Trump Trade' Waned in First 100 Days
28 April 2017 - 1:46AM
Dow Jones News
By Aaron Kuriloff
Markets are signaling caution after investors greeted President
Donald Trump's election with enthusiasm.
Bets on higher economic growth, inflation and interest rates --
which became known as the "reflation trade" -- have eased since the
election. The yield on the 10-year Treasury note is lower than it
was when Mr. Trump took office, including a decline Wednesday after
the White House unveiled its tax proposal. The U.S. dollar has
retreated from a 14-year high hit after the election.
Many popular postelection wagers took a hit last month after
Republicans failed to repeal and replace the Affordable Care Act,
which highlighted the difficulties they could face advancing new
legislation even while holding the White House and both houses of
Congress.
As hopes for swift enactment of business-friendly tax cuts,
regulatory rollbacks and infrastructure spending have waned,
investors have dialed back on stocks that were expected to benefit
from such shifts, like bank and industrial shares.
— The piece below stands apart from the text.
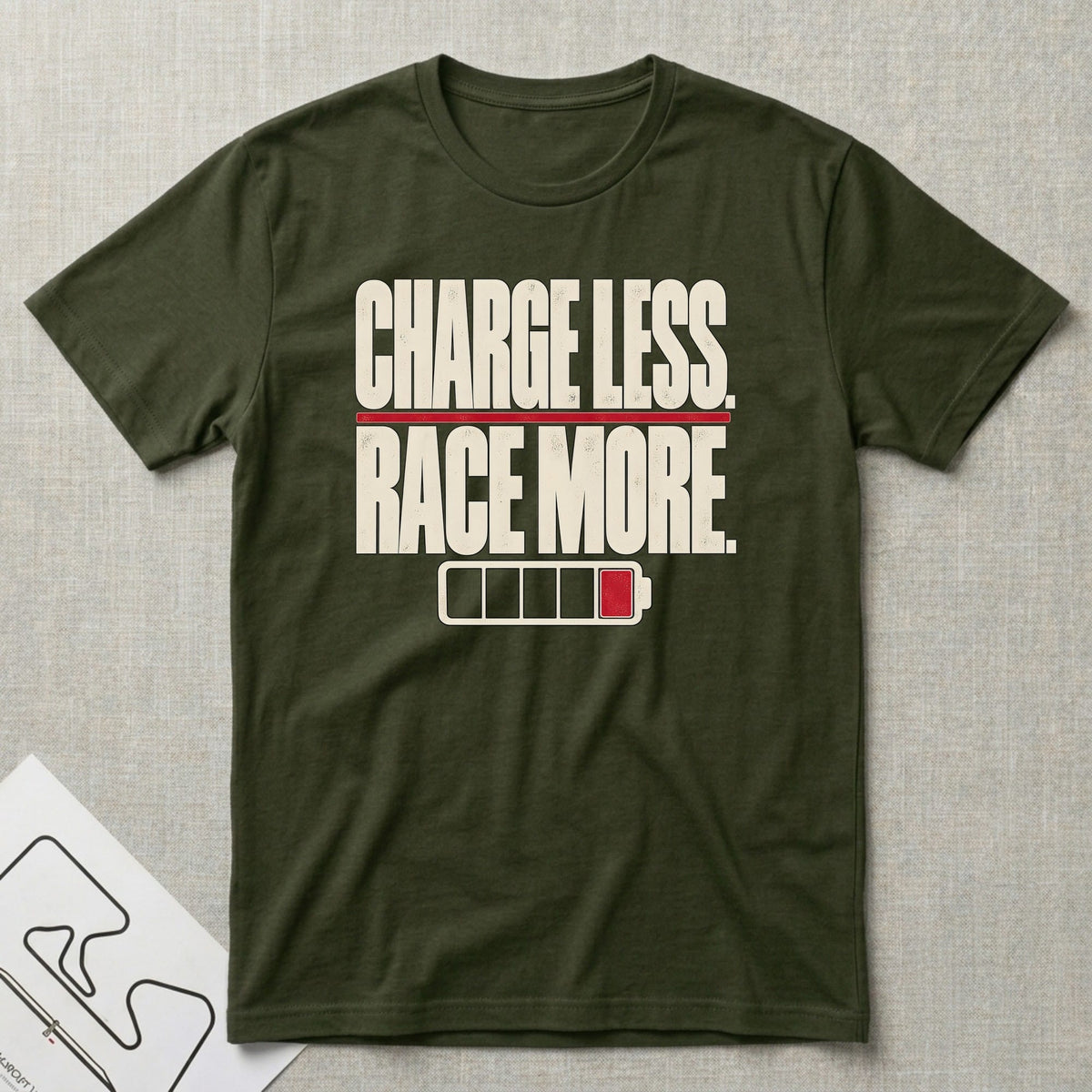 Low Battery Mode T-Shirt - Motorsport-inspired graphic tee by Apex Paddock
They have poured
money into companies that have generally served up
better-than-average returns since the financial crisis, such as
large technology companies.
Strong earnings reports from bellwether companies including
McDonald's Corp. and Caterpillar Inc. helped stocks rally broadly
this week, propelling the tech-heavy Nasdaq Composite past 6000 for
the first time.
"People will ultimately look through that stuff and focus on
reality, and the reality is we're on a pretty significant upswing
when it comes to earnings data," said Nathan Thooft, co-head of
global asset allocation at Manulife Asset Management. "On top of
that, we have a very supportive economic backdrop."
Other moves have reversed course. The yield on the benchmark
10-year U.S. Treasury note remains above its Election Day level of
1.867%, yet has fallen to 2.291% from 2.466% on Jan. 20. The WSJ
Dollar Index, which measures the U.S. currency against 16 others,
is above where it was on Nov. 8 but has fallen roughly 2% since
inauguration.
Few money managers are ready to declare that the so-called
reflation trade is dead. Data pointing to economic expansion in the
U.S. and around the world persist. The reflation trade has tended
to regain some steam on signs of progress on Mr Trump's agenda,
including in recent sessions as the White House was preparing to
release general principles for tax legislation.
"I think the market's hopeful, but skeptical, and to the extent
you get anything of substance, that's the icing on the cake," said
Erik Davidson, chief investment officer at Wells Fargo Private
Bank.
--Min Zeng and Ira Iosebashvili contributed to this article.